SOURCE-Over the weekend we recapped some of the less than impressive moments in the recent US car industry history, which suddenly appears to be bombarded with a
barrage of bad news: starting with Ford’s disastrous August sales when
the company admitted “sales have reached a plateau“, continuing to the surge in delinquent subprime auto borrowers hitting nearly a 7 year high as the marginal creditworthy car buyers disappears, then noting the record $4,000 in industry-wide new car incentives
in September as preventing a plunge in last month’s auto sales, and
recalling last week’s downgrade of the US auto sector by Goldman which said that the US “cycle has peaked“…
…one would almost think that a respite from the bad news was in order. One would be wrong.
As a result of slowing demand and declining US auto sales coupled with growing inventory, Ford Motor is halting one of two plants that builds its top-selling F-150 pickup as it idles four factories this month amid slowing U.S. auto sales.
As Bloomberg reports, starting this week, Ford is shutting its Louisville, Kentucky, factory building the Escape and Lincoln MKC sport utility vehicles, as well as two plants in Mexico that make the Fusion sedan and Fiesta subcompact, according to an e-mailed statement. Next week, the second-largest U.S. automaker will close the F-150 factory near Kansas City for seven days. And starting Oct. 31, the Louisville plant will be idled for another week.
The plant closings follow last week’s shutdown of Ford’s Mustang factory in Michigan after sales of the sports car plunged 32% in September.
Contrary to the popular refrain of a strong economy, US auto sales are slowing as many analysts predict the industry won’t match last year’s record of 17.5 million cars and light trucks. As we reported recently, Ford CEO Mark Fields has said the U.S. auto market has plateaued and that showroom sales are weakening. “We said we expected the overall retail industry to decline in the second half of the year,” Kelli Felker, a Ford spokeswoman, said in the statement. “We also said to expect to see some production adjustments in the second half — this is one of them.”

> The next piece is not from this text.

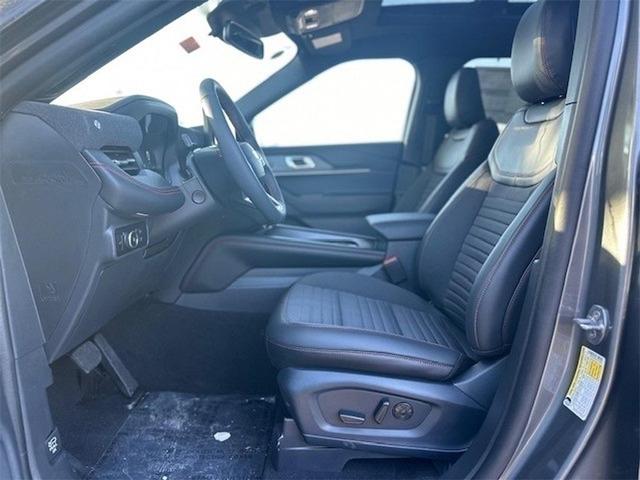 Photo of 2025 Gray Metallic Ford Explorer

At least they stick to their word.
As a race to the bottom begins amogn the carmakers – F-series sales fell 2.6% last month as a pickup price war heated up – consumers will be the winners, able to pick up vehciles at increasingly lower prices. Escape sales dropped 12% in September as Ford faced competitive pressure from the Toyota RAV4 and Honda CR-V. Fusion sales plunged 18% and Fiesta was off 40% as car sales continue to languish with low fuel prices pushing buyers into trucks and SUVs.
So far trucks, picksups and toyota SUVs have been the silver lining in an other wise dreary automaker landscape, rising as the rest of the lightvehicle segment stagnated, However, should gasoline prices keep rising, that too is about to change in adverse direction.
Meanwhile, Felker said Ford is trying to match production with demand. Inventories have been swelling on the models the automaker is idling. The company had 93 days supply of F-series pickups, which includes the F-150, at the end of September, up from 83 days a year earlier, according to researcher Autodata Corp.
According to Bloomberg, Escape inventory grew to 64 days, from 50 a year earlier, while Lincoln MKC climbed to 96 days from 91 last year, according to Autodata. A 60-day supply is considered optimal. Ford had 72 days supply of Fusion sedans at the end of last month, up from 51 a year earlier, and it had enough inventory of the Fiesta to last 77 days, up from 56 in September of 2015, according to Autodata.
Worst of all, while the rest of the US manufacturing sector has been in secular decline, the auto industry was perhaps the last shining light for battered US manufacturing during the past several years. However, if demand for cars continues to collapse, forcing supply to follow suit, it is only a matter of time before the US manufacturing recession returns with a vengeance, and at the worst possible time: when not even the US service sector can hinder the realization that the US economy is on the verge of contracting.